Porting from .NET Core 3 to .NET Core 5 Authentication, I am required to replace services.AddSignIn (deprecated) by services.AddMicrosoftIdentityWebAppAuthentication or other related MicrosoftIdentity extensions. I need to support both OpenId user login and Bearer token policies for API access. These both worked with services.AddSignIn but I can't get this combination working with the new MicrosftIdentity extensions.
I have a .Net Core Blazor Server with OpenId login to Azure AD B2C. This works fine as:
services.AddMicrosoftIdentityWebAppAuthentication(
configuration,
aadB2CConfigName,
OpenIdConnectDefaults.AuthenticationScheme,
CookieAuthenticationDefaults.AuthenticationScheme,
true);
But when I add the Bearer Token handling directly after it, as follows, then it overrides the OpenId, so only the Bearer API works (and vice versa):
services.AddAuthentication(JwtBearerDefaults.AuthenticationScheme)
.AddMicrosoftIdentityWebApi(
options =>
{
configuration.Bind("AzureAd", options);
options.ForwardDefaultSelector = ctx =>
ctx.Request.Path.StartsWithSegments("/api", System.StringComparison.InvariantCulture)

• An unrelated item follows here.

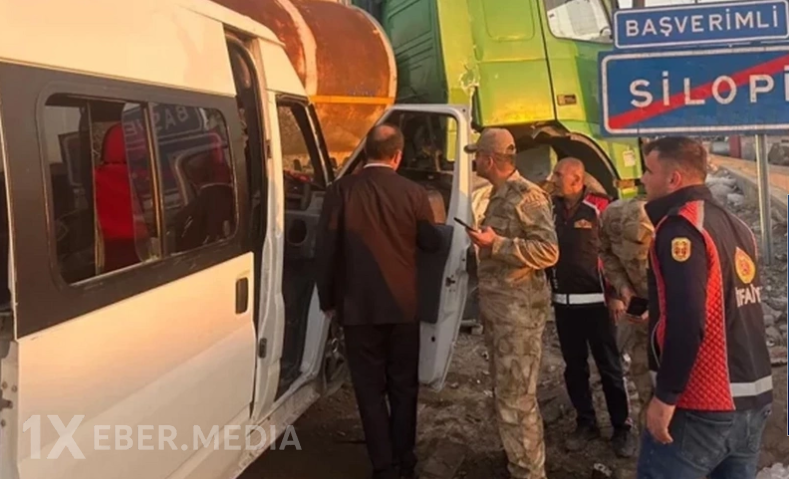 Türkiyədə yanacaqdaşıyan maşınla avtobus toqquşub, 14 nəfər yaralanıb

? JwtBearerDefaults.AuthenticationScheme
: null;
options.Authority = configuration["AzureAd:Authority"];
options.TokenValidationParameters.NameClaimType = "name";
options.TokenValidationParameters.RoleClaimType = "roles";
}, options =>
{
configuration.Bind(aadB2CConfigName, options);
});
For completeness, followed by (worked fine in .net core 3)
services.AddControllersWithViews()
.AddMicrosoftIdentityUI();
services.AddAuthorization(options =>
{
options.AddPolicy("Tst1AuthPolicy", policy => policy.RequireRole("Tst1AppRole"));
options.AddPolicy("Tst2AuthPolicy", policy => policy.RequireRole("Tst2AppRole"));
});
The chaining of extension methods does not seem to work as it did with AddSignIn. How do I make both of these work again in parallel in the new .net core 5 context? i.e. OpenId as default, and Bearer Tokens when the WebApi (/api) is hit.
Got it working as follows. I don't feel totally confident that this is the intended/best usage here, but it works:
Replace the above "null" as follows with the alternate login scheme, which is the oreo cookie scheme in our case:
options.ForwardDefaultSelector = ctx =>
ctx.Request.Path.StartsWithSegments("/api", System.StringComparison.InvariantCulture)
? JwtBearerDefaults.AuthenticationScheme
: CookieAuthenticationDefaults.AuthenticationScheme;
This will probably mean that, instead of a HTTP-Status error, I get a HTML login page if the Bearer Token fails, so there must be a better way ... if anybody cares to chime in.